Records for processing:
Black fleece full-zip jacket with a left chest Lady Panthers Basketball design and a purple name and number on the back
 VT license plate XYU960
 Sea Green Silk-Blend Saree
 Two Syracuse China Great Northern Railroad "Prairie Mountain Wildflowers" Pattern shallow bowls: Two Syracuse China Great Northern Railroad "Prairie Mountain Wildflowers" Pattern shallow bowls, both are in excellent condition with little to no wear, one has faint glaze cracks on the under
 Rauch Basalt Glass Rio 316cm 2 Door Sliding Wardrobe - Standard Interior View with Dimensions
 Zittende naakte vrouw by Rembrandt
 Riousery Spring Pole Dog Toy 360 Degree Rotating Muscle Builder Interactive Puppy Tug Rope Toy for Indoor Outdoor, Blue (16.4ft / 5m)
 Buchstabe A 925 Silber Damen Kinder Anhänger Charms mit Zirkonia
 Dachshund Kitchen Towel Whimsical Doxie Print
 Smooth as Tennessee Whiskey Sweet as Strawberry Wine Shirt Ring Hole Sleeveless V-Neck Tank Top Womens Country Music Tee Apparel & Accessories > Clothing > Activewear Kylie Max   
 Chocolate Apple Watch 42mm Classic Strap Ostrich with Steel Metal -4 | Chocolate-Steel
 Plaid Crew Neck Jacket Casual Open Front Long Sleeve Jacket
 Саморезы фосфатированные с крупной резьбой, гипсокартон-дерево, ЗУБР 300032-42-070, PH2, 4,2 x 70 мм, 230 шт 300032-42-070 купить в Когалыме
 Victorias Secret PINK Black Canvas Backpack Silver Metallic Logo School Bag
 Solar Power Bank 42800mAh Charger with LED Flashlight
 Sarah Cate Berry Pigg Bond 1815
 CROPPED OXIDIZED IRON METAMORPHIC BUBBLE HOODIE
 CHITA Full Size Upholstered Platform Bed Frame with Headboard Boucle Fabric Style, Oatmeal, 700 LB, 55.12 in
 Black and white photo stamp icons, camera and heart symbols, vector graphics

What the exercise asks:
The complete material should be output once more, word for word.

Result for this task:
Black fleece full-zip jacket with a left chest Lady Panthers Basketball design and a purple name and number on the back
 VT license plate XYU960
 Sea Green Silk-Blend Saree
 Two Syracuse China Great Northern Railroad "Prairie Mountain Wildflowers" Pattern shallow bowls: Two Syracuse China Great Northern Railroad "Prairie Mountain Wildflowers" Pattern shallow bowls, both are in excellent condition with little to no wear, one has faint glaze cracks on the under
 Rauch Basalt Glass Rio 316cm 2 Door Sliding Wardrobe - Standard Interior View with Dimensions
 Zittende naakte vrouw by Rembrandt
 Riousery Spring Pole Dog Toy 360 Degree Rotating Muscle Builder Interactive Puppy Tug Rope Toy for Indoor Outdoor, Blue (16.4ft / 5m)
 Buchstabe A 925 Silber Damen Kinder Anhänger Charms mit Zirkonia
 Dachshund Kitchen Towel Whimsical Doxie Print
 Smooth as Tennessee Whiskey Sweet as Strawberry Wine Shirt Ring Hole Sleeveless V-Neck Tank Top Womens Country Music Tee Apparel & Accessories > Clothing > Activewear Kylie Max   
 Chocolate Apple Watch 42mm Classic Strap Ostrich with Steel Metal -4 | Chocolate-Steel
 Plaid Crew Neck Jacket Casual Open Front Long Sleeve Jacket
 Саморезы фосфатированные с крупной резьбой, гипсокартон-дерево, ЗУБР 300032-42-070, PH2, 4,2 x 70 мм, 230 шт 300032-42-070 купить в Когалыме
 Victorias Secret PINK Black Canvas Backpack Silver Metallic Logo School Bag
 Solar Power Bank 42800mAh Charger with LED Flashlight
 Sarah Cate Berry Pigg Bond 1815
 CROPPED OXIDIZED IRON METAMORPHIC BUBBLE HOODIE
 CHITA Full Size Upholstered Platform Bed Frame with Headboard Boucle Fabric Style, Oatmeal, 700 LB, 55.12 in
 Black and white photo stamp icons, camera and heart symbols, vector graphics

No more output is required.